*** Given information Section Begins ***

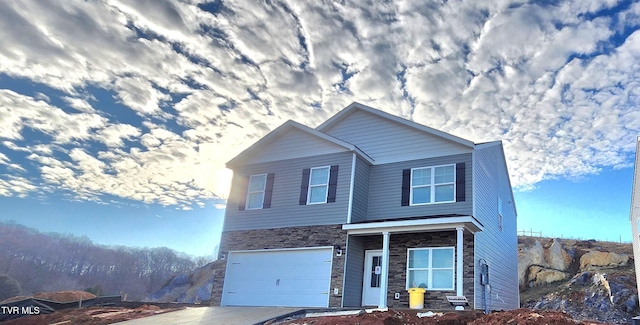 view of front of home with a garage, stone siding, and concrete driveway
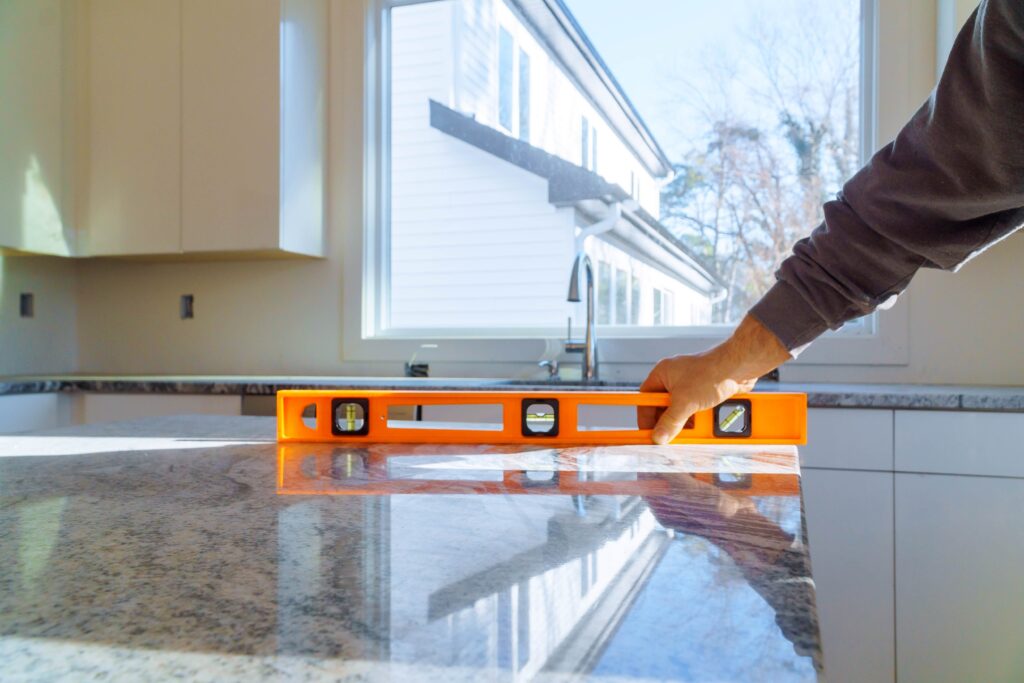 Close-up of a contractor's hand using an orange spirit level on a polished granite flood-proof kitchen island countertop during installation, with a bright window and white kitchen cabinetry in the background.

*** Given information Section Ends ***
*** Given information Section Begins ***

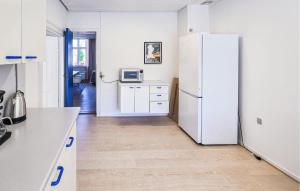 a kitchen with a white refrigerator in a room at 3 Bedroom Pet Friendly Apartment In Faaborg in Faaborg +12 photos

*** Given information Section Ends ***

• Your goal: The lines to reproduce run from the one above containing "view of front" through the one containing "Close-up of a". Copy them exactly and leave out all pictures.

• Exercise result:
 view of front of home with a garage, stone siding, and concrete driveway
 Close-up of a contractor's hand using an orange spirit level on a polished granite flood-proof kitchen island countertop during installation, with a bright window and white kitchen cabinetry in the background.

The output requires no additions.